The rider banged noisly at the door, and the great man, obviously irritated, let him in.

"Aye, yer honor," the rider said. "An' I see yer copyin' machine be broke agin. Ye know, Master Tom, that Over There they be havin' these yung bloods what be dressed up real nice-like tuh fix thim things."

"You should know by now," the Sage of Monticello said, "that I dislike your country banter, which is usually a ruse to delay the passing of bad news."

"Well, Master Tom," the rider said. "Thim Washintun Redskins be out of th' Super Bowl pitcher agin, beggin' yer honor's pardon."

"You know I have no interest in games played by brutal mercenaries, rider," Jefferson said. "Now, out with the ill tidings you must bear or by the deity, I'll put your miserable body to the sword."

"I be wundrin', yer honor, if I mightn't warm me bones by th' fire there fer a bit," the rider said.

"Out with it, you blackguard," Jefferson stormed.

"Well, sor," the rider said, looking longingly at the fire. "It jist be that them Clintons and them Gores be comin' tuh Monteeschello Over There at 8 of th' mornin' tomorrow."

"Eight a.m.?" Jefferson asked. "My God. Have they no sense of time and decency?"

"Not only be them Clintons and Gores comin', yer honor, but a coupla thousand of them poe-liticull groupies be comin', too," the rider said, retreating toward the door.

"And they'll stand by my clever bed Over There and pay lip service to me and go ahead and ruin the country anyway," Jefferson said.

The rider edged closer toward the door. He hadn't seen the Father of the Declaration of Independence so riled since Queen Elizabeth visited Monticello Over There.

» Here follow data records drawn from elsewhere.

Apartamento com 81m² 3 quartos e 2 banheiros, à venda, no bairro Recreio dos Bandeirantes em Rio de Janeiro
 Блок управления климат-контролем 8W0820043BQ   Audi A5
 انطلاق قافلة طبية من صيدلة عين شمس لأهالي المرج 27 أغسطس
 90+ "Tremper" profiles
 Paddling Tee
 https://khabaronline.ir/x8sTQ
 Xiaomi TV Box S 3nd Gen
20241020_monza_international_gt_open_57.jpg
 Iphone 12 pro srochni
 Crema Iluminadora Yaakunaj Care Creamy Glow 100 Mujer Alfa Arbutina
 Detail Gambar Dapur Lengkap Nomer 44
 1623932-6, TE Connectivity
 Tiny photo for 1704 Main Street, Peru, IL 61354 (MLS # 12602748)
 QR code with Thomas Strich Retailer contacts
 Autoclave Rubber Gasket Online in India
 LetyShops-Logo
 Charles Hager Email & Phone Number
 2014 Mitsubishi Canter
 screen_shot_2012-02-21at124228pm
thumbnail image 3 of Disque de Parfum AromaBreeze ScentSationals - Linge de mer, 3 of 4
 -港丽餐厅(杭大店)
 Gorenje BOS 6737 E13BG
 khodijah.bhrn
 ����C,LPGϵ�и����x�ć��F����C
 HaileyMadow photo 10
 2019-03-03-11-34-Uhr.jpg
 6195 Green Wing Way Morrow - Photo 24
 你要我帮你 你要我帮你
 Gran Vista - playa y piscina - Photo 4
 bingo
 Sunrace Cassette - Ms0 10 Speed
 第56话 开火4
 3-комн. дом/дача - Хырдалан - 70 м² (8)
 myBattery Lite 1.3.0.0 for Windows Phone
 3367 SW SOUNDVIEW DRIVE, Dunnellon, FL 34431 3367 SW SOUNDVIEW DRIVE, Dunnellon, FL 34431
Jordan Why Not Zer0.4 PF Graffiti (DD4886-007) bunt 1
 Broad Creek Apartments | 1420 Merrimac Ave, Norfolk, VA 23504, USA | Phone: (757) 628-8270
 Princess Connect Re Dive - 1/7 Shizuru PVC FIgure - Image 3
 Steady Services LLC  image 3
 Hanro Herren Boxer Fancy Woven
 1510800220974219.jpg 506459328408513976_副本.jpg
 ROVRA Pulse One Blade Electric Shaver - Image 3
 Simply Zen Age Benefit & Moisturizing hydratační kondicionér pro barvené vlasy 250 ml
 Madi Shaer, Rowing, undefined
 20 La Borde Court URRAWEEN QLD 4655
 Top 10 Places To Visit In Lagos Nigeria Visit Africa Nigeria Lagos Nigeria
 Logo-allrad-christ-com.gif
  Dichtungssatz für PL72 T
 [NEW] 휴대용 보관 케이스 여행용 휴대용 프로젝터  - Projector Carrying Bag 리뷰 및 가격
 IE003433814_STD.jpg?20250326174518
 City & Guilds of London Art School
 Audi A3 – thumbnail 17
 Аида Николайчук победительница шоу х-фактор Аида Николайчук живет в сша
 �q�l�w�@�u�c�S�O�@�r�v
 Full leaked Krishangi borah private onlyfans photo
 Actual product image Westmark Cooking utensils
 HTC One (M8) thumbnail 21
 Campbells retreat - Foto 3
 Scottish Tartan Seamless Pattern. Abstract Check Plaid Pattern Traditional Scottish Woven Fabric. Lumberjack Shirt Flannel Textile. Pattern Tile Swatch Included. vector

"And they'll see this blasted copying machine and patronizingly talk about my genius," Jefferson said. "Nobody will tell them the damnable thing was always broken."

"Aye," the rider said, "an' it's fer sure thim people will be talkin' about an' admirin' yer honor's wunderous wine ellyvater an' yer clock whut cums outta th' floor."

"Yes, well, perhaps it won't dishonor my memory too much," Jefferson said, brightening at the rider's mention of his elevator and clock.

"Come warm yourself by the fire, rider," Jefferson said. "Actually, I do admire the Clintons and Gores. Somehow they sometimes remind one of the 18th century. I do hope, however, that the rabble doesn't mutilate the lawn."